Von Udo Brachvogel. Mit Illustrationen von Rudolf Cronau.
IV.
Von den Mammuth-Thermen nach den Geysern. – Der „Feuerloch“-Fluß und sein feuriges Geleit. – „Des Teufels halber Acker“. – Unter den Granden der Geisterwelt. – Abschied vom Wunderlande.

Wir wandern weiter durch das Yellowstone-Land, um in die am Madisonfluß gruppirte Thermen- und Geyserwelt einzudringen, in welcher sich jetzt das ganze in wildester Leidenschaft fiebernde und rasende Herz dieser vulcanischen Großnatur und damit zugleich die überwältigend-ungeheuerliche Schlußdecoration des gesammten Wunderlandes vor uns aufthut!

Der bisjetzt zugleich die Hauptwagenroute des ganzen Nationalparks bildende Weg von den Mammuththermen nach dem großen Geyser-Becken des Madisonflusses mißt etwa dreißig Meilen. Die nichts weniger als bequeme und ungefährliche Wildstraße, welche dafür auch des Vorrechts genießt, nur von Felsengebirgspferden und -Kutschern befahren zu werden, von deren unscheinbarem Aeußeren man „draußen“ im Flachlande der alten und neuen Welt sich ebenso wenig etwas träumen läßt, wie von ihrer Unfehlbarkeit, leistet im Uebersteigen von steilen Graten, im ungenirten Hinführen an Abgründen und im Durchkreuzen brückenloser Gebirgsströme das Außerordentlichste.

In der Geyserwelt des Nationalparks von Yellowstone.
Nach der Natur gezeichnet von dem Specialartisten der „Gartenlaube“ Rudolf Cronau.

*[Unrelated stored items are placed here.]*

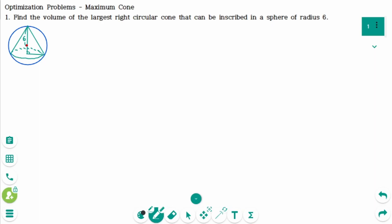This video will cover questions regarding the topic of optimization problems, maximum cone. Question 1.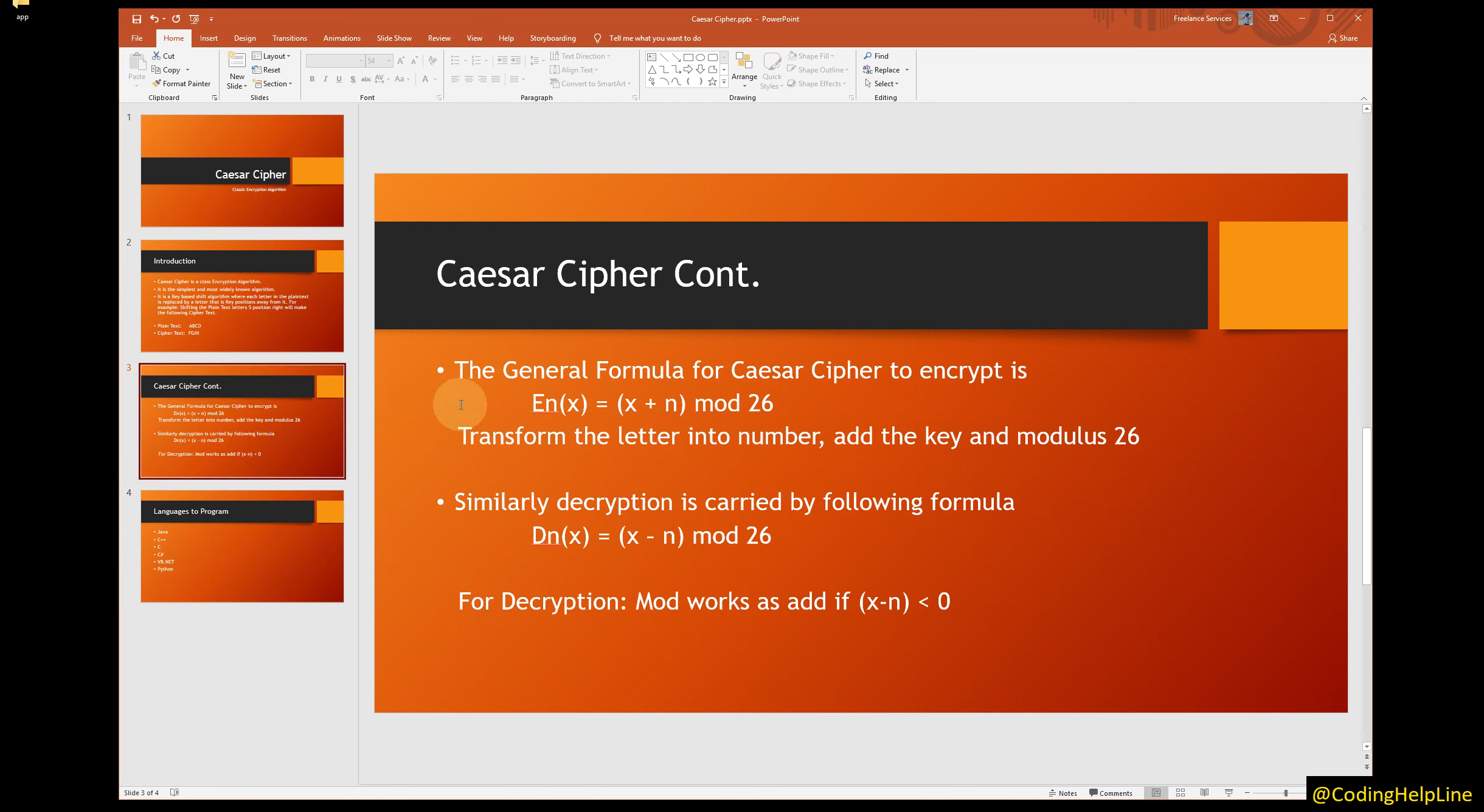The general formula for Caesar Cipher to encrypt is E(X) = X + N mod 26. The steps are as follows: transform the letter into number, add the key, and then modulus 26.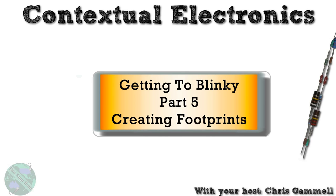Welcome back to Contextual Electronics. This is the fifth part in the Getting to Blinky series where we're going to actually be creating footprints for all of those different parts we dropped into the schematic in parts three and four of the Getting to Blinky series.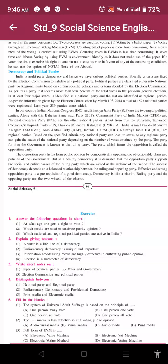In our country, the Indian National Congress and the Bharatiya Janata Party are two major political parties. Then after that, Bahujan Samaj Party, Communist Party of India (Marxist), and Nationalist Congress Party are other national parties. Apart from this, Shiv Sena, Trinamool Congress, Samajwadi Party, Dravida Munnetra Kazhagam, All India Anna Dravida Munnetra Kazhagam, Aam Aadmi Party, Janata Dal (United), and Rashtriya Janata Dal are regional parties. Based on specified criteria, any national party can lose its status or any regional party can gain national party status depending on the number of votes obtained.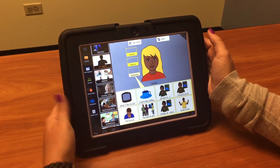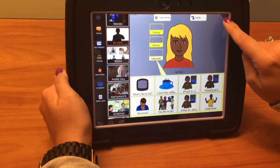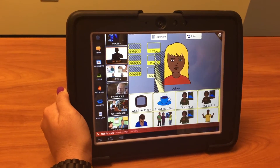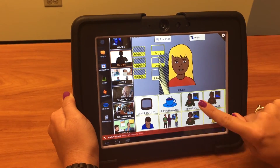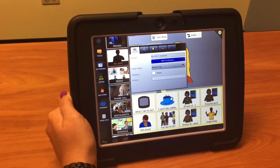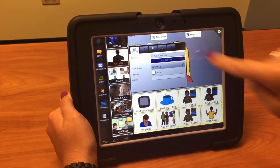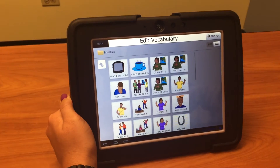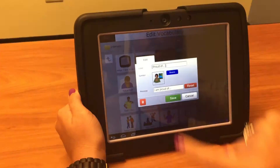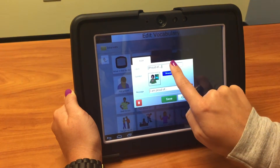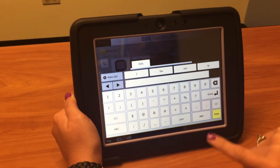Now to program a button, you go into this little corner box triangle. This brings it up to modify mode. You can click the button that you want to modify, click Edit Vocabulary — that brings you to all of the buttons. Choose the button you want to edit and then you can change the message to what you want.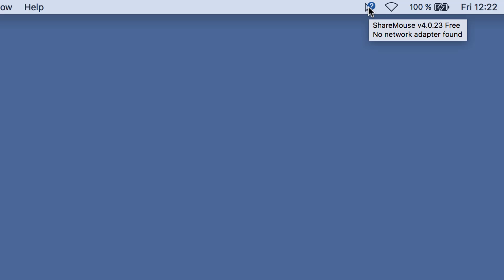Hover the icon to get status information. ShareMouse tells us that any network adapter is enabled. All computers must be connected to a local network, so make sure to establish a network connection. OK, this Mac is now connected to the wireless network.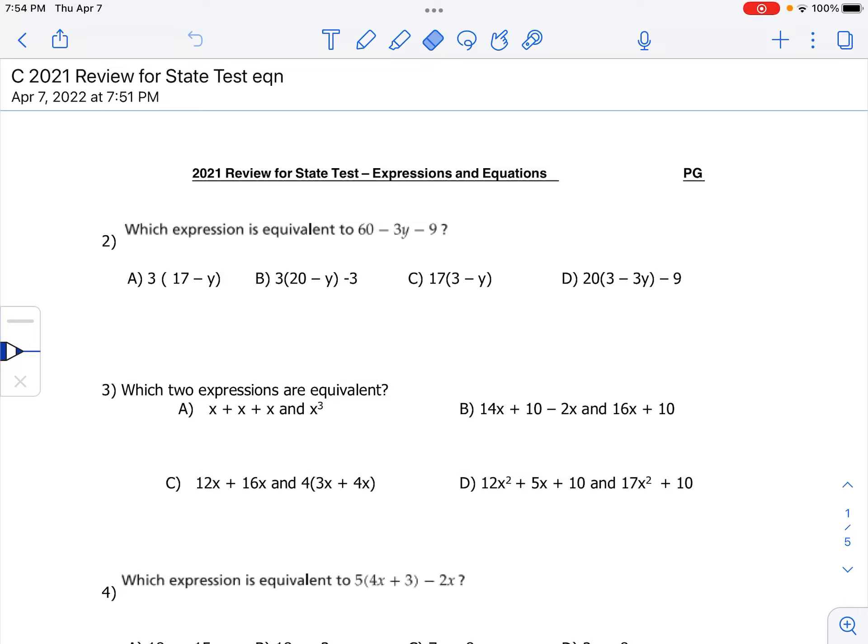Hi ladies and gentlemen, welcome back. Today we're going to be going over expressions and equations and some of these past eight test questions from 2021 and older. We split the packet up into two parts. This is going to be part two. We're going to start with question number two.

Aber durch welchen Wechsel der Scenerien führt sie dafür auch hin! Das Wildeste giebt, fast übergangslos, dem Lieblichsten Raum, und idyllischste Naturparkstrecken lösen die grimmigste Hochwildniß oft so unvermittelt ab, daß man sich auf einer Traumfahrt zu befinden vermeint. Auch an einer Anzahl eigentlicher Naturmerkwürdigkeiten geht dieser Weg vorüber, welche man nur in einem solchen Reich der Wunderverschwendung auch mit einer lediglich vorübergehenden Erwähnung abthun darf. So an dem Gibbon-Cañon mit dem Gibbon-Fall, so an dem in smaragdne Wald- und Wiesenumgebung eingebetteten „Beaver-Lake“ mit seinen grün leuchtenden Biberdämmen; und so namentlich an der Riesenklippe aus schwarzschimmerndem Naturglas – Obsidian – aus welchem einst der Indianer dieser Gegenden seine Speer- und Pfeilspitzen anfertigte, während sein weißer Nachfolger aus ihren losgesprengten Abfällen die sich um das drohende Vorgebirge herumwindende Straße aufschüttete.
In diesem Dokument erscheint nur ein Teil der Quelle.